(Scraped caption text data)
######
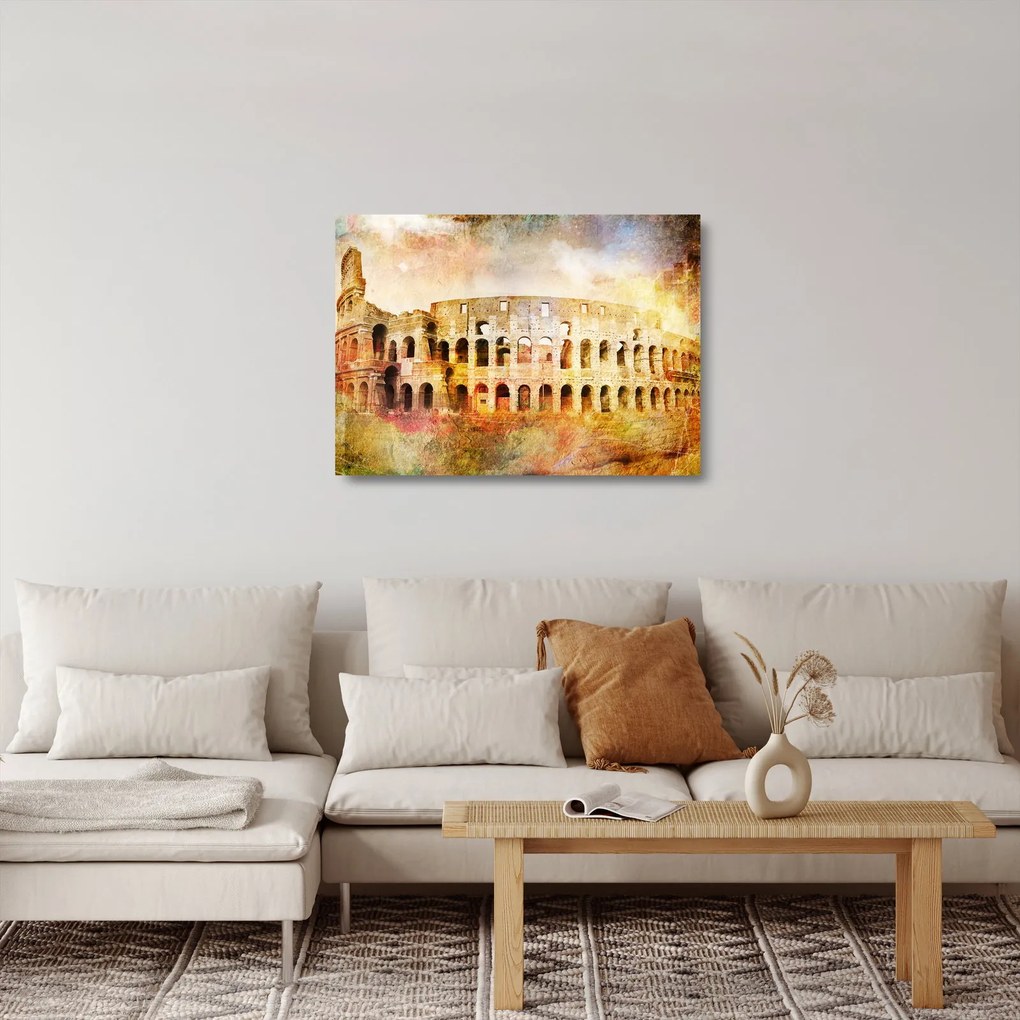 Obraz na szkle - Malarstwo cyfrowe, Koloseum, Rzym, Włochy (70x50 cm)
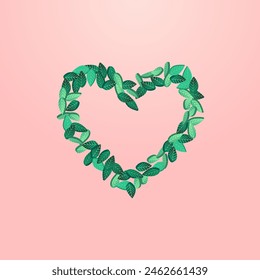 Swamp Leaf Nature Vector Pink Background Wallpaper. Transparent Foliage Background. Lime Leaves Ecology Poster. Greens Flying Design.
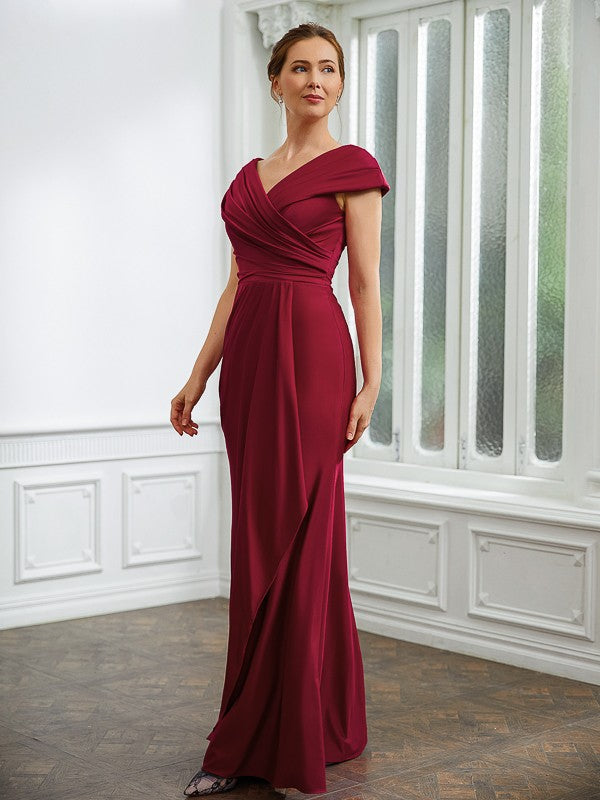 Sheath/Column Jersey Ruched V-neck Short Sleeves Floor-Length Mother of the Bride Dresses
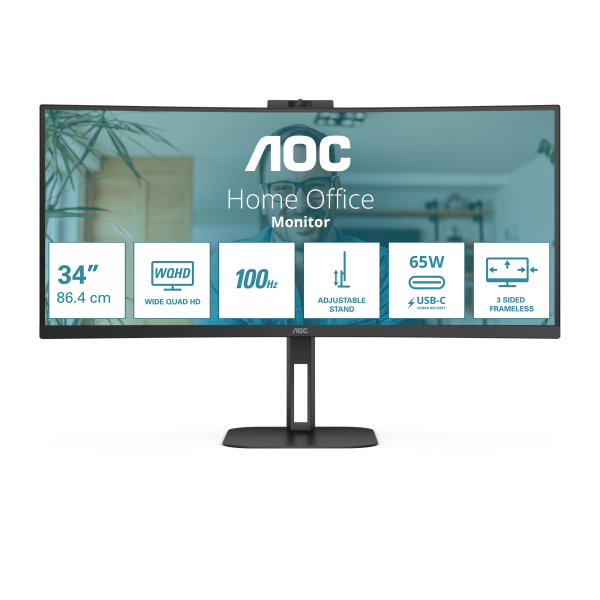 AOC MONITOR CURVO 34 LED VA WQHD 21:9 4MS 300 CDM, REG ALTEZZA, USB-C DOCK, DP/HDMI, MULTIMEDIALE [CU34V5C/BK]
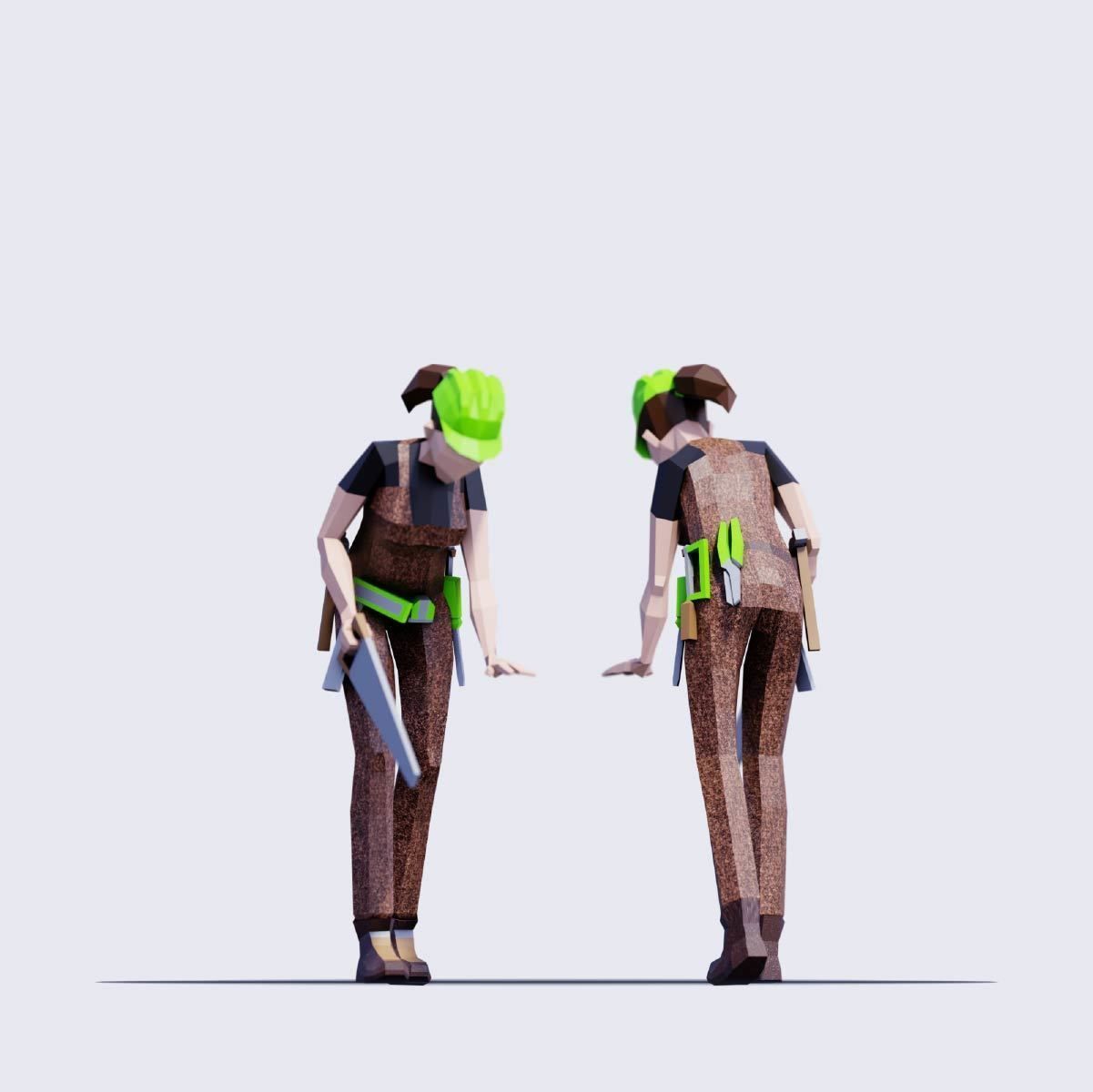 Low Poly Constructors Pack - Animated and Rigged Low-poly 3D model_3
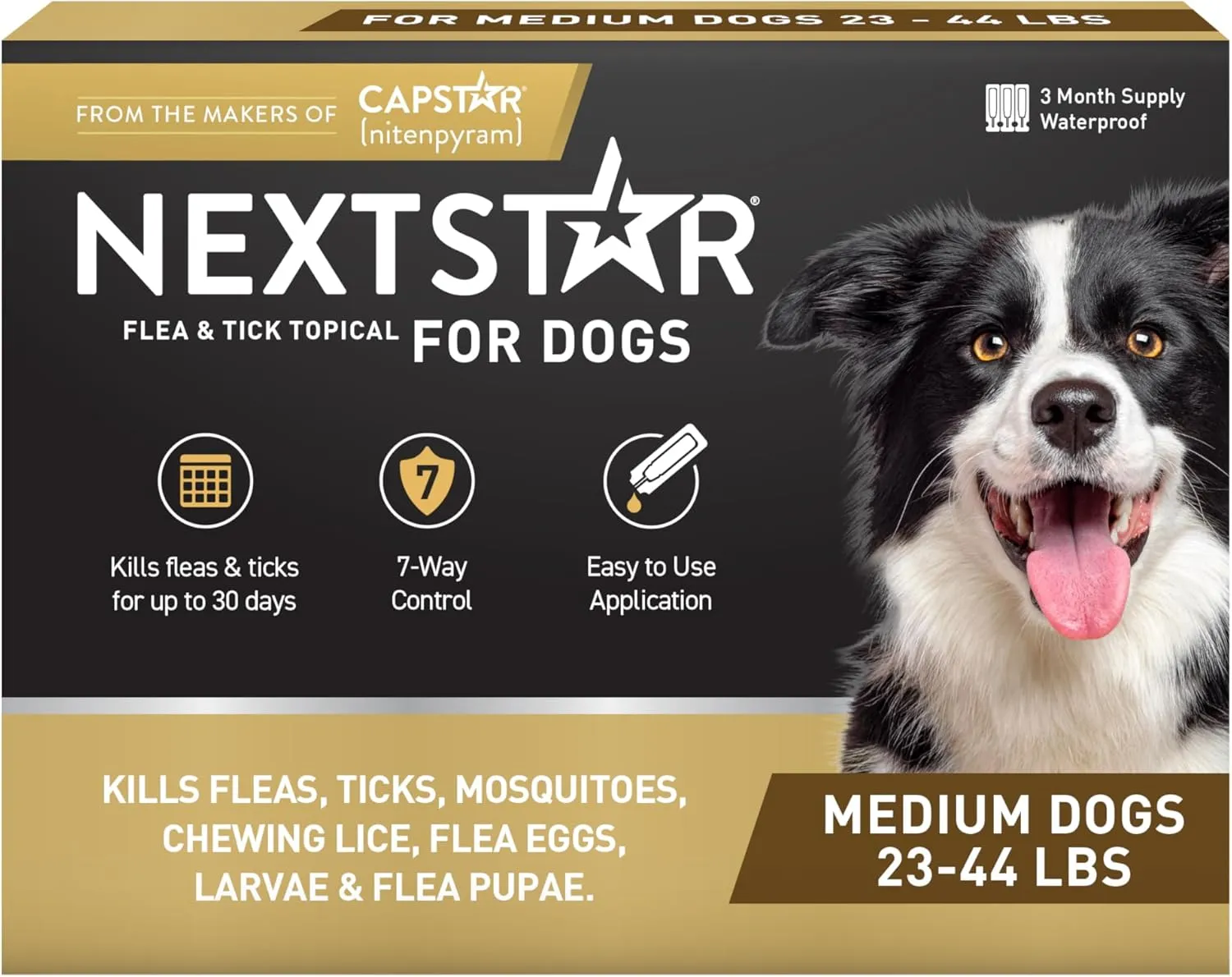 Flea and Tick Prevention for Dogs, Repellent, and Control, Fast Acting Waterproof Topical Drops for Medium Dogs, 3 Monthly Doses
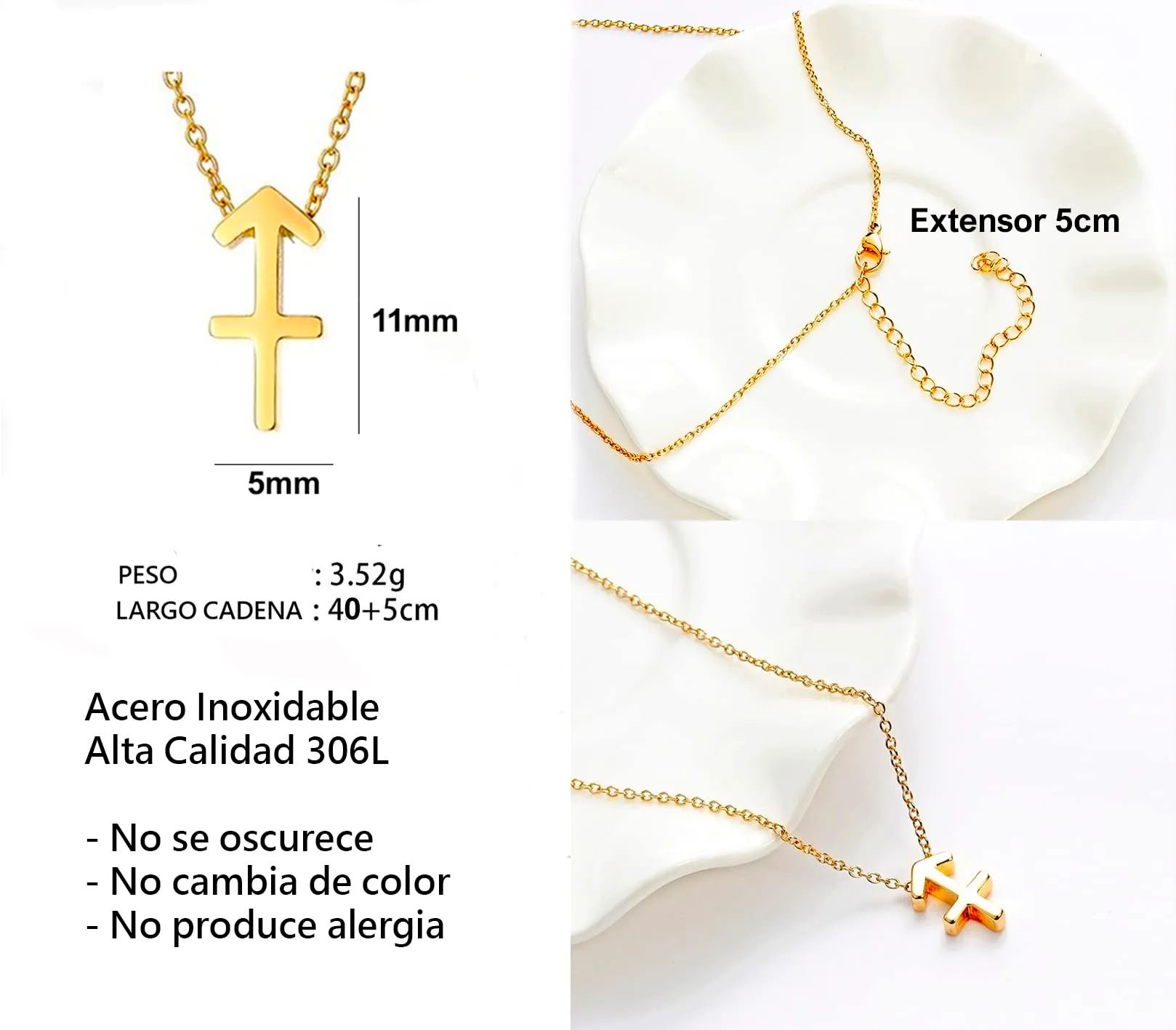 Only faith Collana del segno zodiacale in acciaio inossidabile, bella carta di significato del segno zodiacale, ciondolo oroscopo per le donne o l'uomo regalo. - immagine 4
######
* Your instructions
Above are some entries; copy exactly the lines from the line with "Swamp Leaf Nature" through the line with "Low Poly Constructors", both included, but none of the pictures.

* Solution to the problem
 Swamp Leaf Nature Vector Pink Background Wallpaper. Transparent Foliage Background. Lime Leaves Ecology Poster. Greens Flying Design.
 Sheath/Column Jersey Ruched V-neck Short Sleeves Floor-Length Mother of the Bride Dresses
 AOC MONITOR CURVO 34 LED VA WQHD 21:9 4MS 300 CDM, REG ALTEZZA, USB-C DOCK, DP/HDMI, MULTIMEDIALE [CU34V5C/BK]
 Low Poly Constructors Pack - Animated and Rigged Low-poly 3D model_3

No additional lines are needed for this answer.